START Records to use

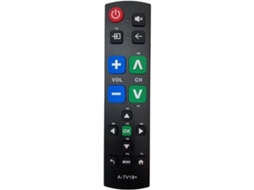 Controle Remoto Universal A-tv18+ Com Botões Grandes Para Tv, Ideal Para Idosos E Fácil De Usar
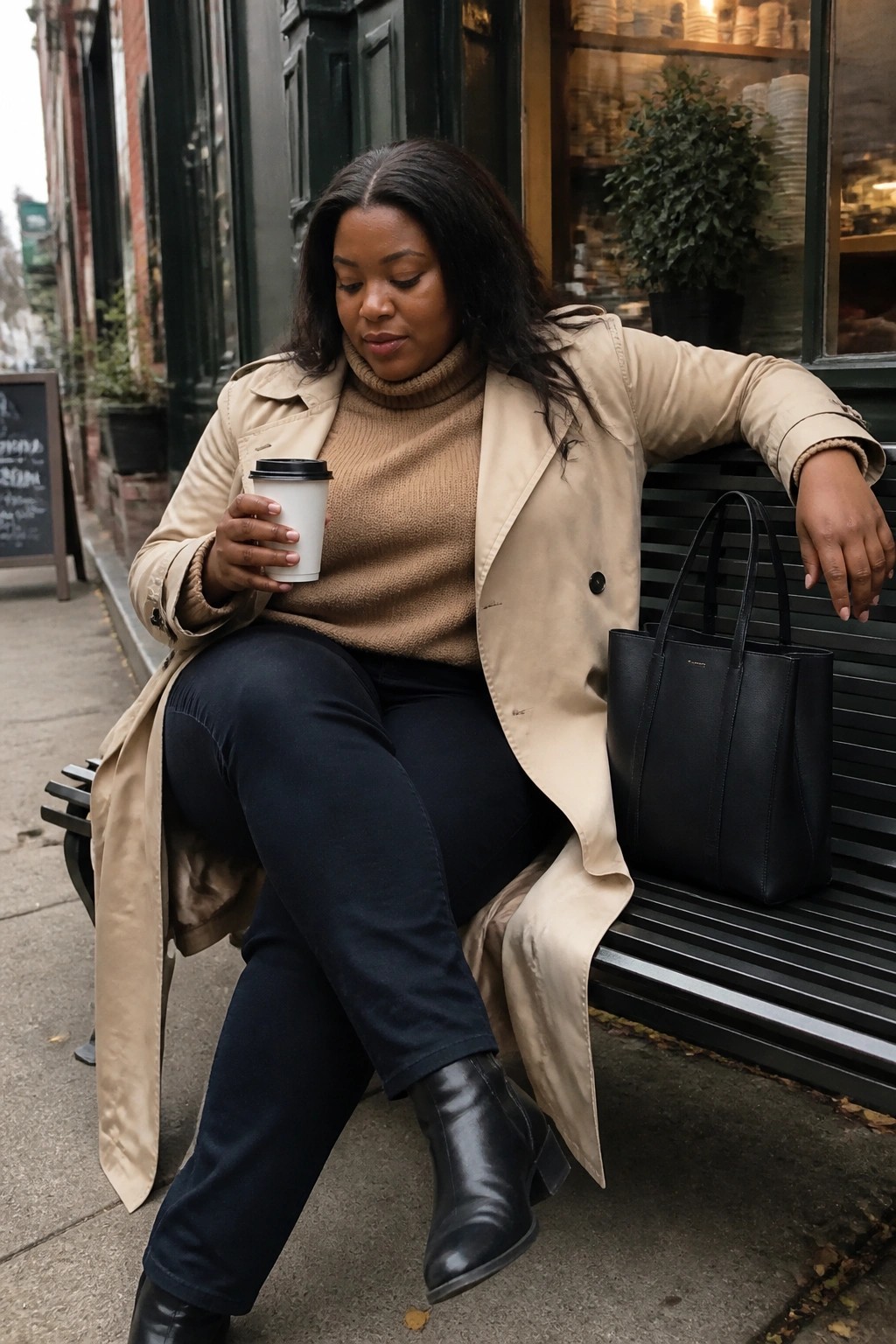 Plus-size Black woman in a beige trench coat over a camel turtleneck sweater paired with dark pants and black ankle boots, holding a white coffee cup beside a black tote bag on a bench.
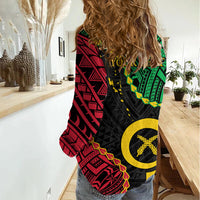 Personalised Vanuatu 44th Anniversary Women Casual Shirt Tugeta Yumi Selebretem Indipendens Dei LT9 - Polynesian Pride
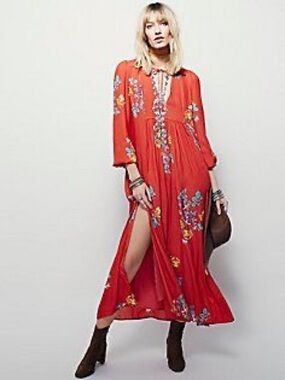 Free People Red Floral V-Neck Maxi Dress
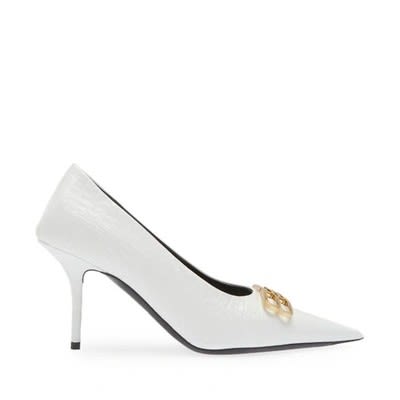 Balenciaga BB White Mid High Heel Sandals-4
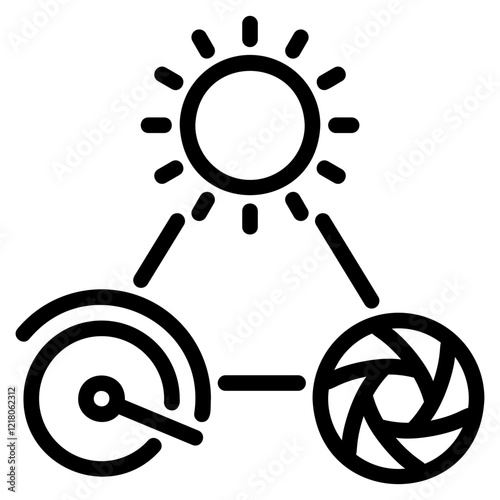 exposure triangle glyph icon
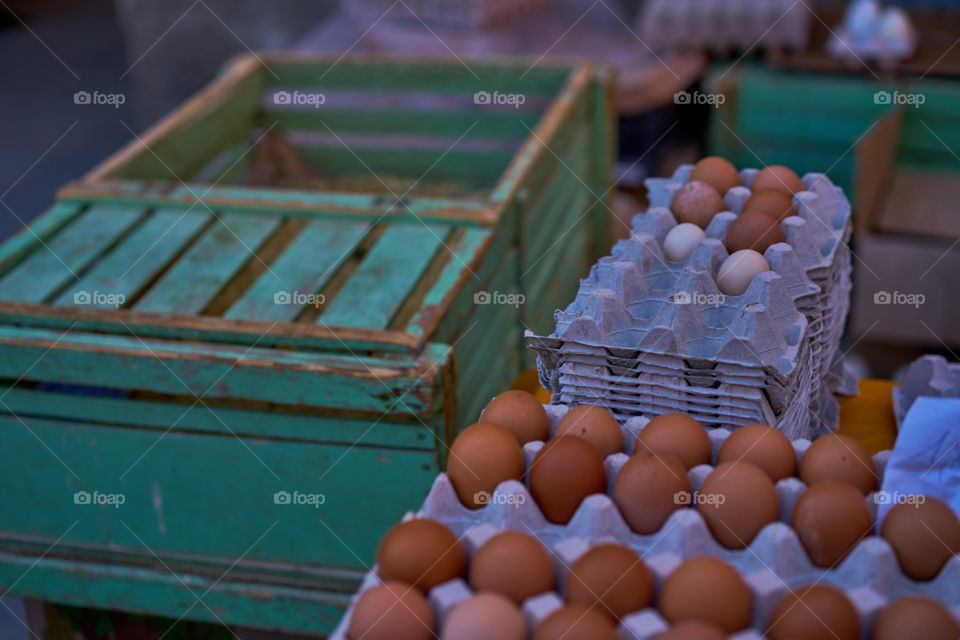 Close-up of egg on carton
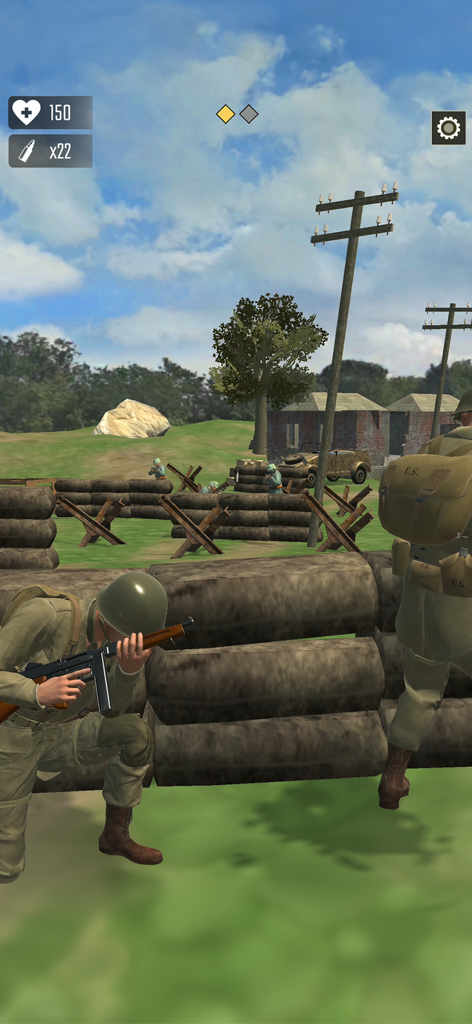 Soldado estadounidense sosteniendo una ametralladora Thompson detrás de sacos de arena en un campo de batalla de la Segunda Guerra Mundial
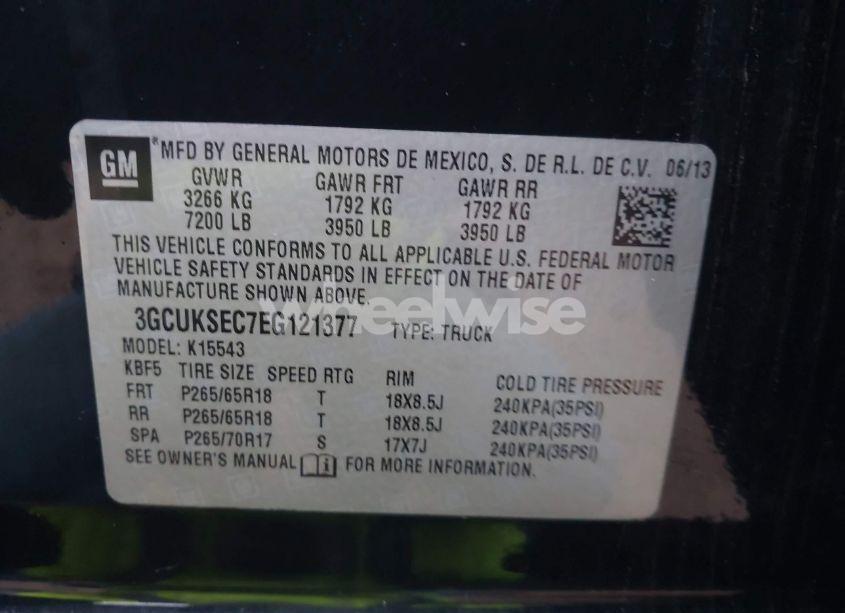 Photo 9 of 2014 Chevrolet Silverado 1500 2LZ (VIN 3GCUKSEC7EG121377)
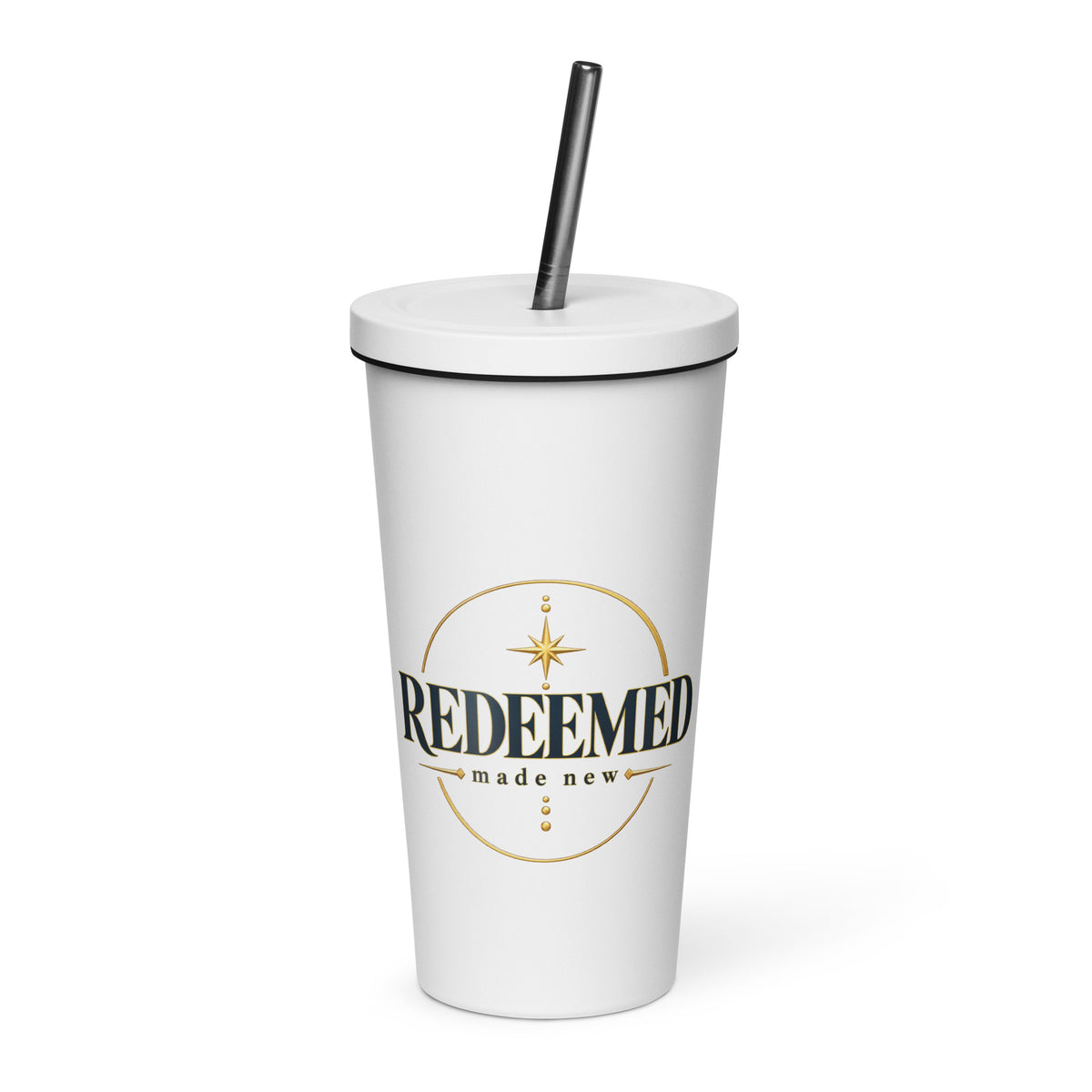 Redeemed — Made New Tumbler in White, 20 oz, Front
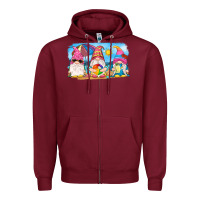 Burgundy summer gnomes Zipper Hoodie - NancyCooperArtShop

END Records to use

Task |
All lines above between the line that contains "Close-up of egg on carton" and the last line of the entries, both included, must be transcribed exactly. No pictures are to appear.

Exercise result |
 Close-up of egg on carton
 Soldado estadounidense sosteniendo una ametralladora Thompson detrás de sacos de arena en un campo de batalla de la Segunda Guerra Mundial
 Photo 9 of 2014 Chevrolet Silverado 1500 2LZ (VIN 3GCUKSEC7EG121377)
 Redeemed — Made New Tumbler in White, 20 oz, Front
 Burgundy summer gnomes Zipper Hoodie - NancyCooperArtShop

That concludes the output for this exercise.